Westview head coach Sean Stephenson echoed those thoughts.
“She’s made herself into a player,” the Lady Charger skipper insisted in a glowing evaluation of Vincent’s character and skills. “She’s just a relentless worker. She’s so incredibly motivated. Her work in that barn speaks volumes and tells you all you need to know about how she’s driven.
“She will do anything you ask of her and more. We have to play her in the post because we don’t have anyone else, and she battles the bigger kids like (Obion Central’s Brandi) Goodman and others and never backs down. They (High Point) are going to play her at a two- or three-spot, and I believe that because she’s had to play with her back to the basket for us, it will help her when she gets there and has to play facing the goal.
“They (High Point) have gotten a good one.”
Vincent, who attracted the attention of college recruiters largely via AAU play in the spring and summer, visited both Stetson and Lipscomb University when deciding on her next-level choice. She also had offers from Navy, Texas A&M-Corpus Christi and Northern Kentucky.
She took an official visit to High Point — which won 20 games and played in the NIT last season as a member of the Big South Conference — in August after going there last season to watch a game and “look around” at the campus that is “around 10 hours from here,” she said. “I liked what I saw.”
Vincent will play for head coach DeUnna Hendrix at HPU after Hendrix was elevated from an assistant’s role when Panther head coach Jennifer Hoover left for the Wake Forest job after last season.

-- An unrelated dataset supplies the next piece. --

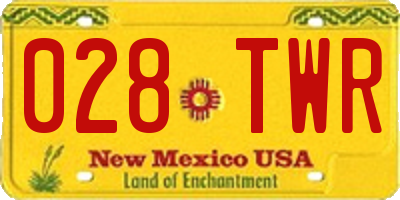 NM license plate 028TWR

Vincent is not concerned about that transition.
“I knew the assistant coaches, because the were part of my recruiting process,” she said. “They are going to play the same style and push the ball, just like they were playing beforehand.”
Named after her mom Jennifer’s father, Ted, who passed away after battling leukemia before Teddy was born, Vincent said the basketball scholarship was merely the “first thing on my goal list.”
“This was No. 1, getting a chance to play college basketball and getting my education paid for,” she said when rattling off other future objectives. “I’ve thought about possibly playing overseas one day, too, and then maybe getting into coaching.”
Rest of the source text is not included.